WHAT IS REQUIRED —
Retype nothing except the lines below from the one with "Hi guys, lesson" through the one with "Open up MZMine2.", exactly, with images left out.

DATA SUPPLIED —
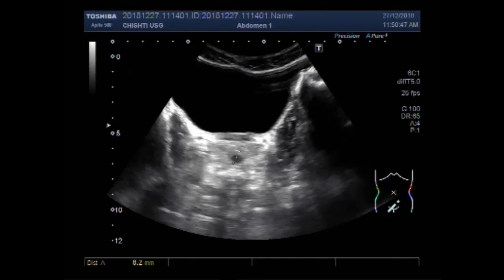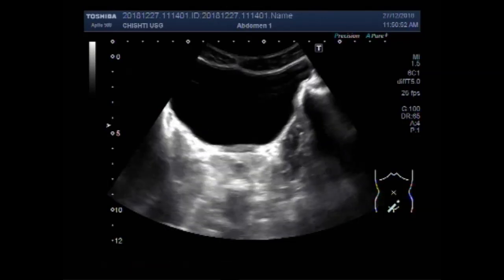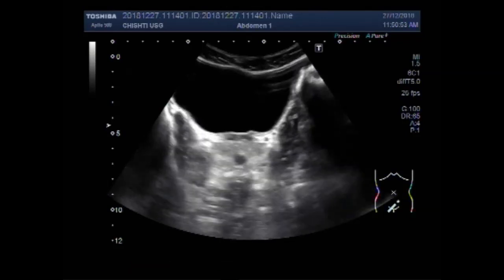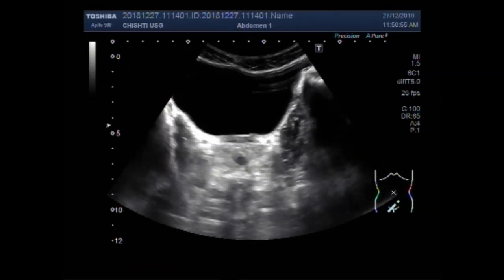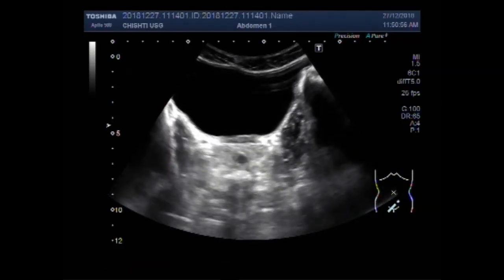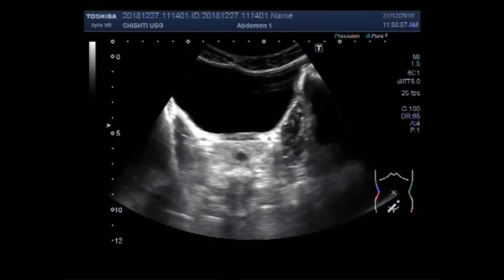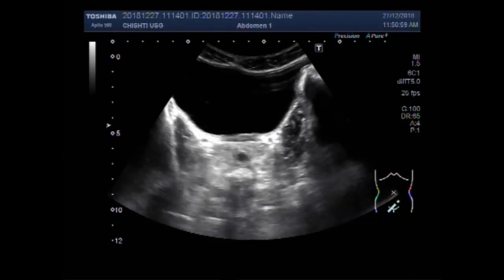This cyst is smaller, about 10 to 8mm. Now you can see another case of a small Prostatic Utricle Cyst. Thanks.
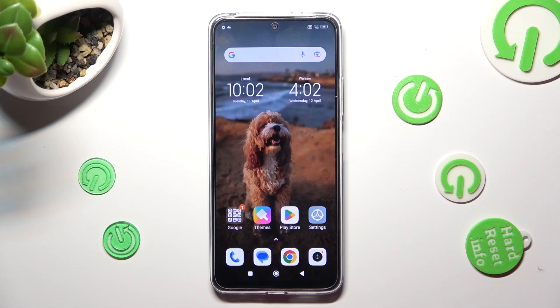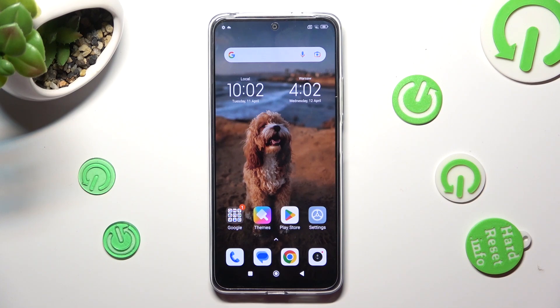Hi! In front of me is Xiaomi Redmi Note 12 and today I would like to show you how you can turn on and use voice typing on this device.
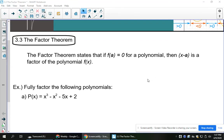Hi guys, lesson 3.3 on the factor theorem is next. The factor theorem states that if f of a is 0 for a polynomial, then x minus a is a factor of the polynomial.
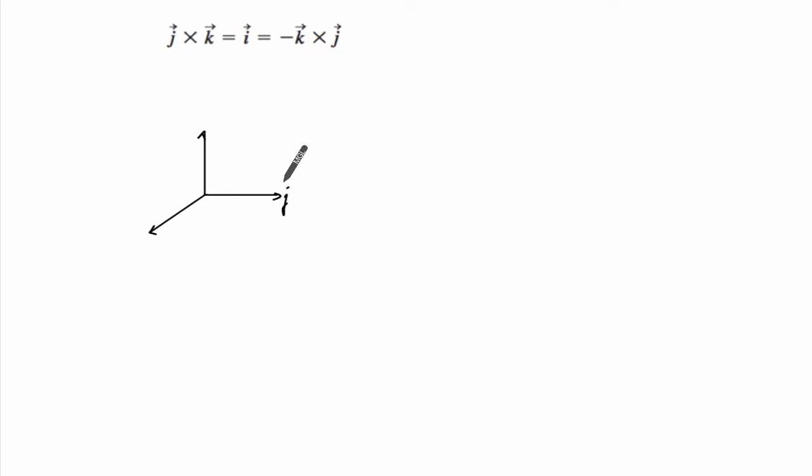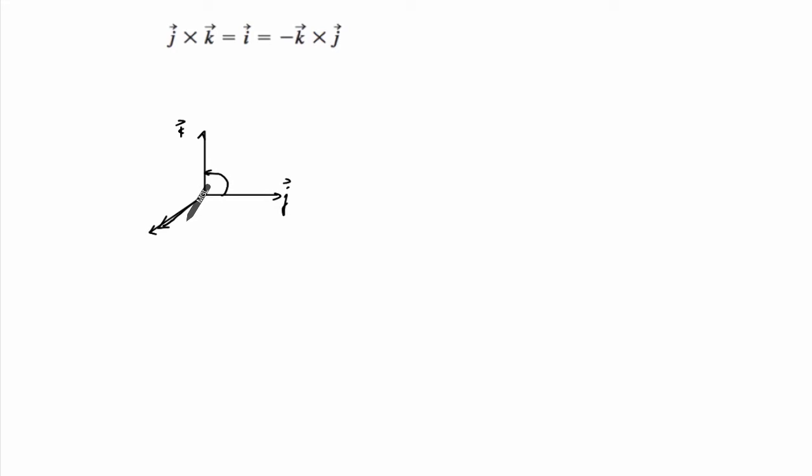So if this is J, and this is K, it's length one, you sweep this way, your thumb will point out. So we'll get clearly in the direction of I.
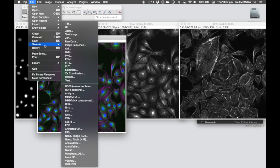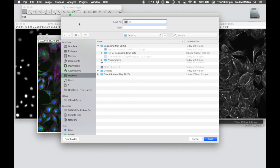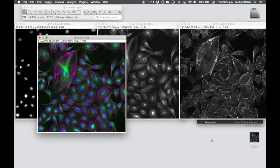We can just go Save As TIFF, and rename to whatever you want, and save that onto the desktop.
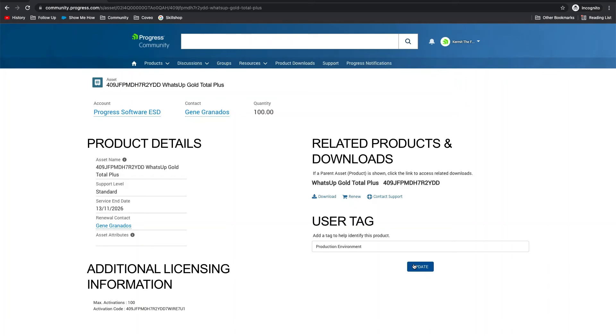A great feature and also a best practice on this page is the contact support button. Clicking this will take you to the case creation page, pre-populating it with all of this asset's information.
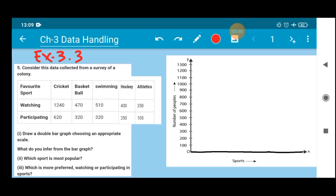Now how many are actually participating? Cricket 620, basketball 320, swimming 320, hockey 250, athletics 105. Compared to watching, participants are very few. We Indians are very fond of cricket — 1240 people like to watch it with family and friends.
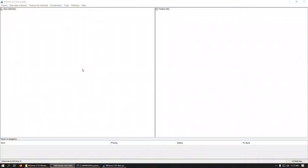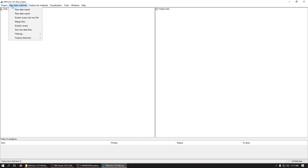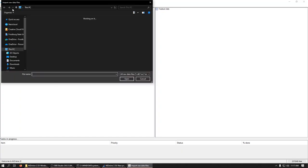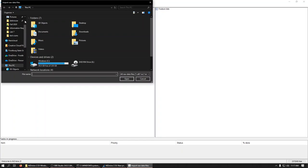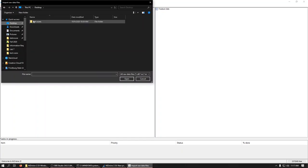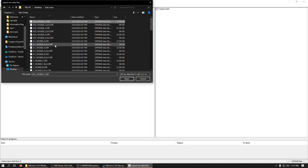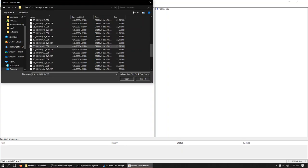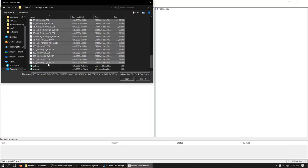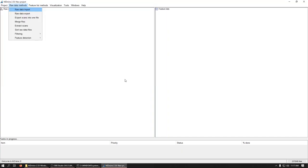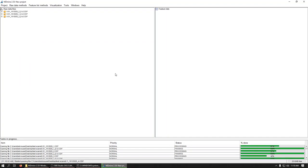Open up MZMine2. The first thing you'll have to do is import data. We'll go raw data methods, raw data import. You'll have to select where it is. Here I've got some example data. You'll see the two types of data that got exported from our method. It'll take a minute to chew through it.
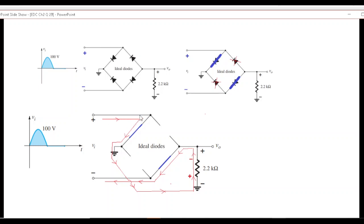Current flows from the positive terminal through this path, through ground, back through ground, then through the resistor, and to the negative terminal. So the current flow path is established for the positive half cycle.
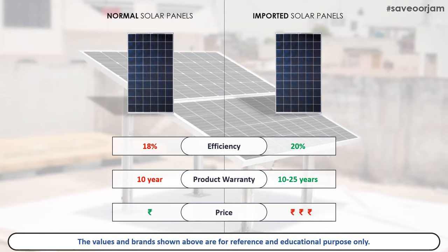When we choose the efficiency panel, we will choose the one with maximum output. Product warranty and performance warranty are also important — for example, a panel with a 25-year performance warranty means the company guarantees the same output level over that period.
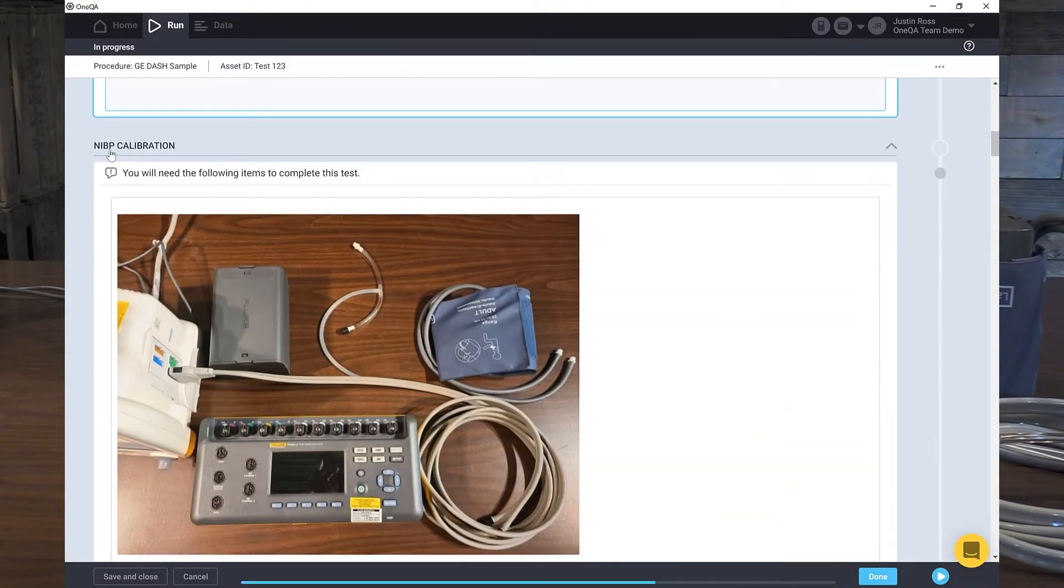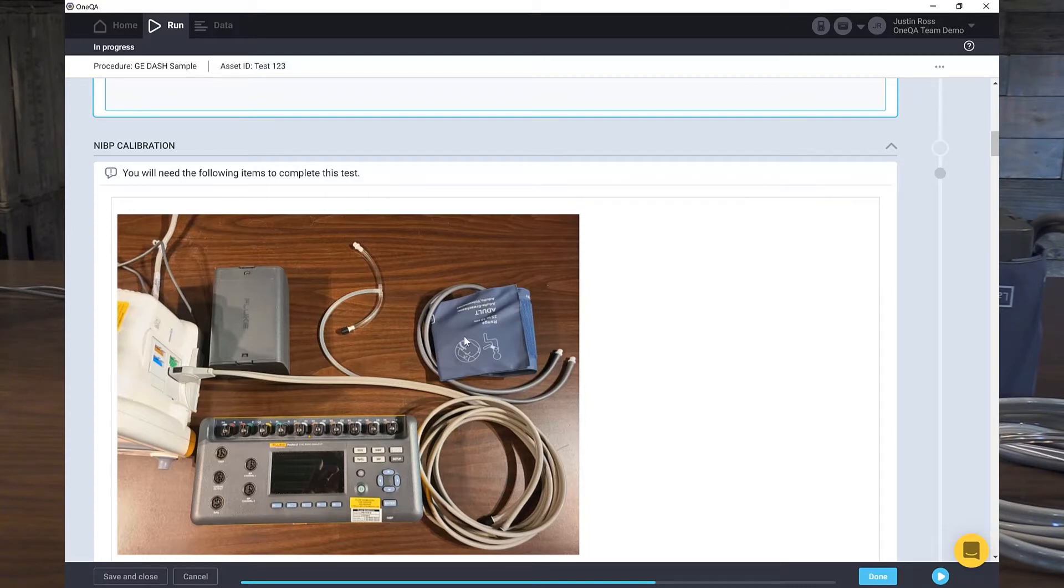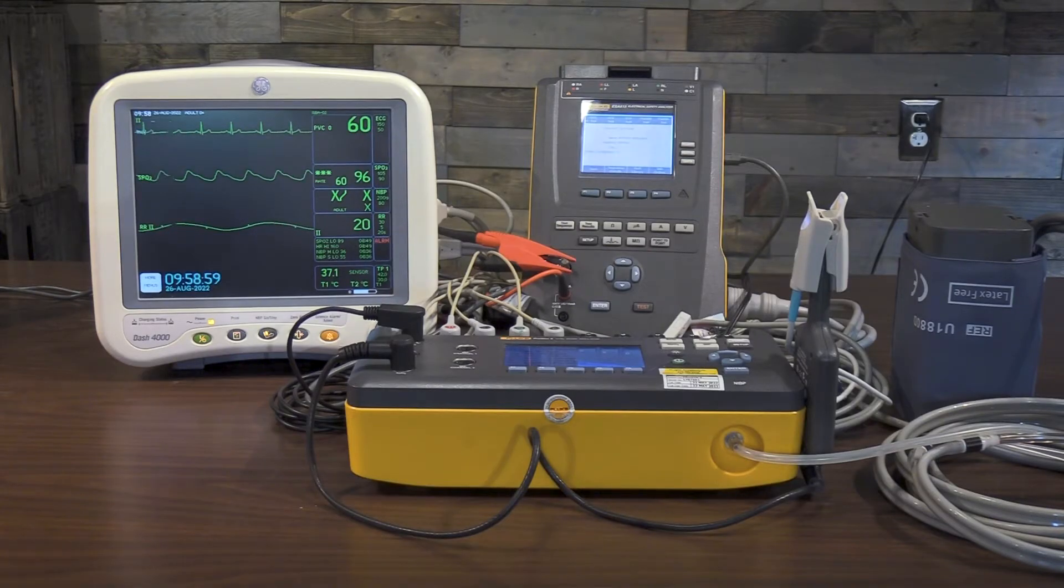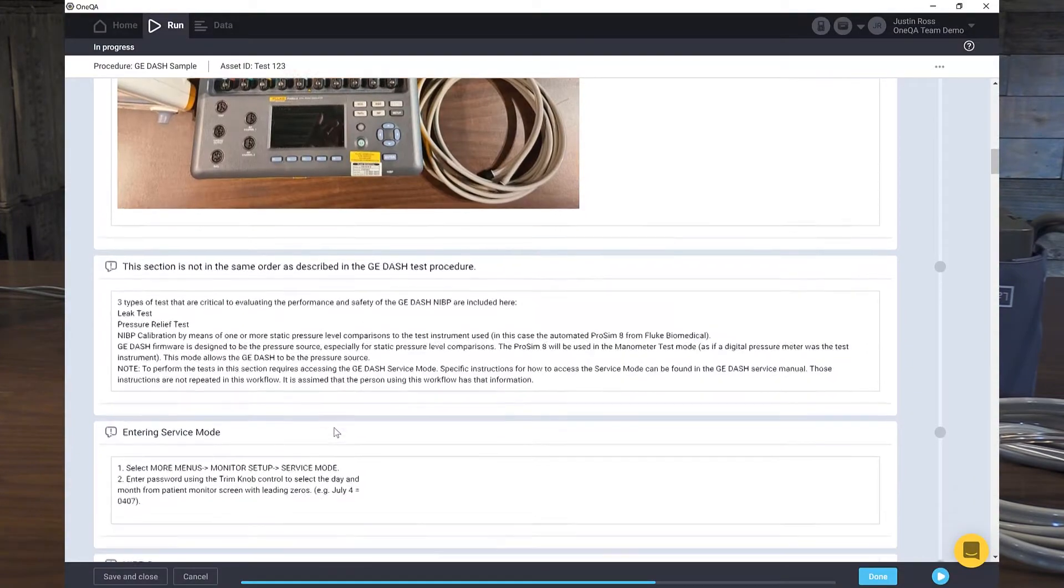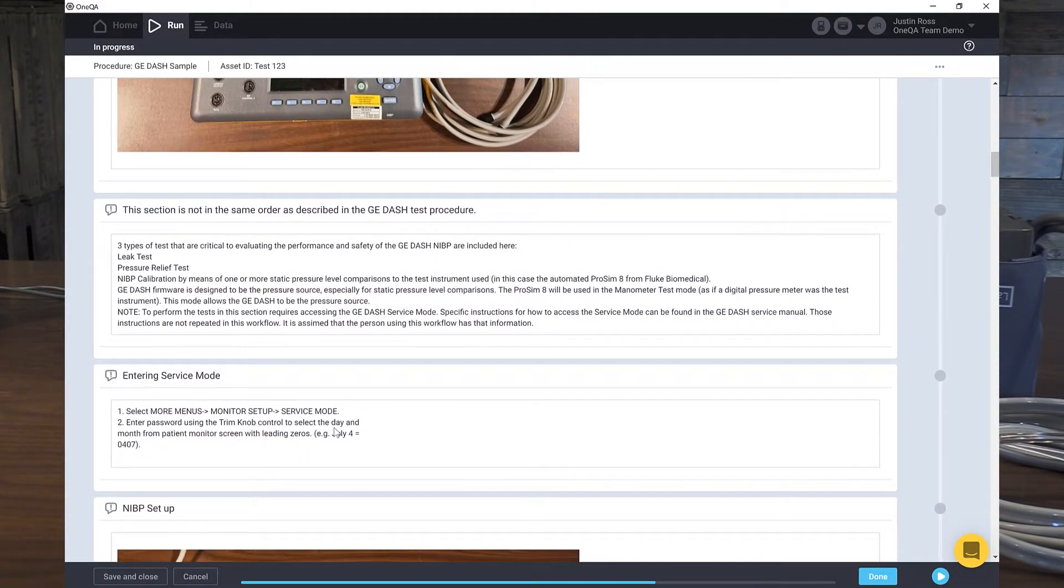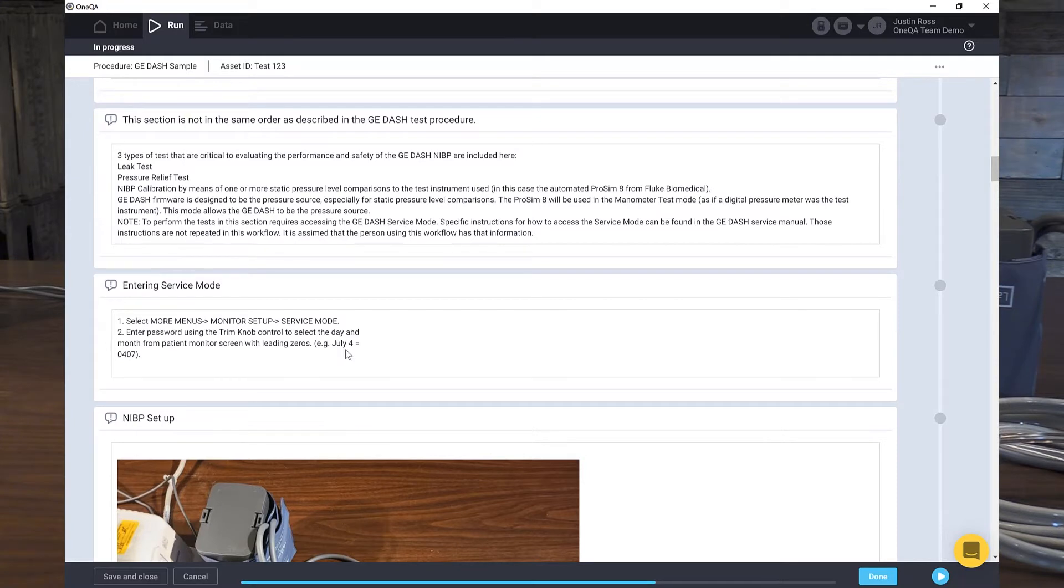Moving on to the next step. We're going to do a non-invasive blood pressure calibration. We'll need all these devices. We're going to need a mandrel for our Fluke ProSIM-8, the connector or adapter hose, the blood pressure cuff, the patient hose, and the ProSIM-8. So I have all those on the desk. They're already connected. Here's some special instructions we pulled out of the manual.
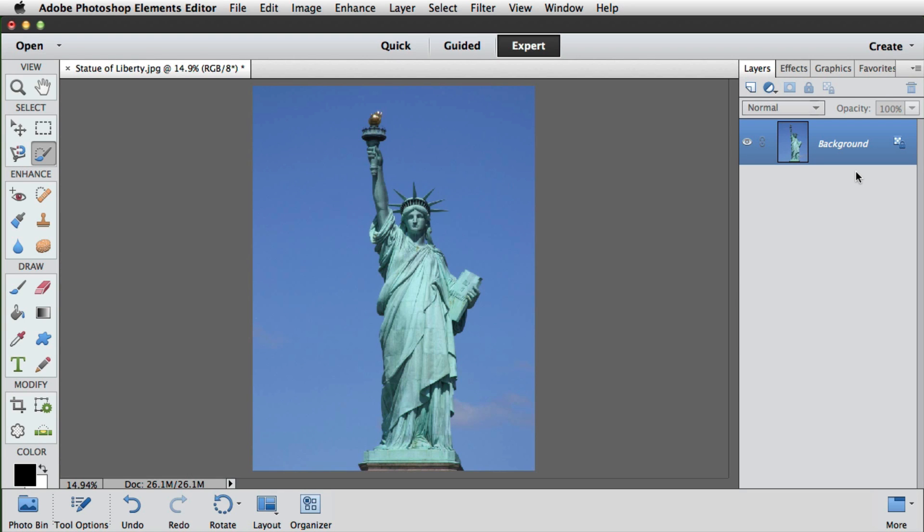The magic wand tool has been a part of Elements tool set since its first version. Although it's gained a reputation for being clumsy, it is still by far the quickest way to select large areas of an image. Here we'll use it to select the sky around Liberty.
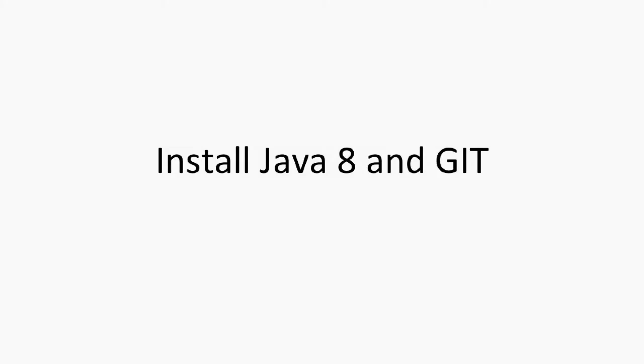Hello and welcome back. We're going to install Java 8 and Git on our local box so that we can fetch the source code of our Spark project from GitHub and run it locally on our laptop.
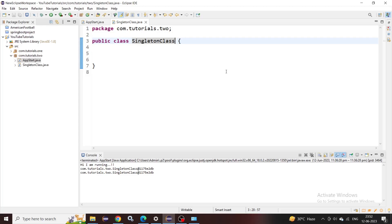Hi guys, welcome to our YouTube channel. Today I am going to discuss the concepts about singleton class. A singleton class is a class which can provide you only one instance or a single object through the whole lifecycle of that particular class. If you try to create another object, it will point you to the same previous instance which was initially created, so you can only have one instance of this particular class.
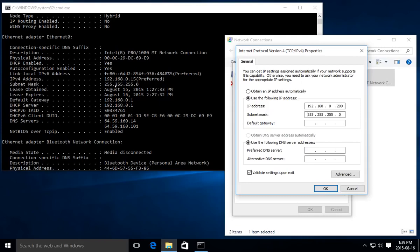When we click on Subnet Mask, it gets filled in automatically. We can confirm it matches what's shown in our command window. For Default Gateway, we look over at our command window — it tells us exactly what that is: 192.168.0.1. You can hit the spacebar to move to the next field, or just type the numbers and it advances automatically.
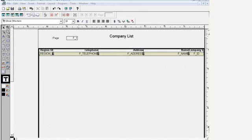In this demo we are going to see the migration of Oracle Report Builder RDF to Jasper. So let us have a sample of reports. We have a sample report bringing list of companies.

RESPONSE BELOW —
Hi guys, lesson 3.3 on the factor theorem is next. The factor theorem states that if f of a is 0 for a polynomial, then x minus a is a factor of the polynomial.
So if this is J, and this is K, it's length one, you sweep this way, your thumb will point out. So we'll get clearly in the direction of I.
We can just go Save As TIFF, and rename to whatever you want, and save that onto the desktop.
A great feature and also a best practice on this page is the contact support button. Clicking this will take you to the case creation page, pre-populating it with all of this asset's information.
Now how many are actually participating? Cricket 620, basketball 320, swimming 320, hockey 250, athletics 105. Compared to watching, participants are very few. We Indians are very fond of cricket — 1240 people like to watch it with family and friends.
Open up MZMine2. The first thing you'll have to do is import data. We'll go raw data methods, raw data import. You'll have to select where it is. Here I've got some example data. You'll see the two types of data that got exported from our method. It'll take a minute to chew through it.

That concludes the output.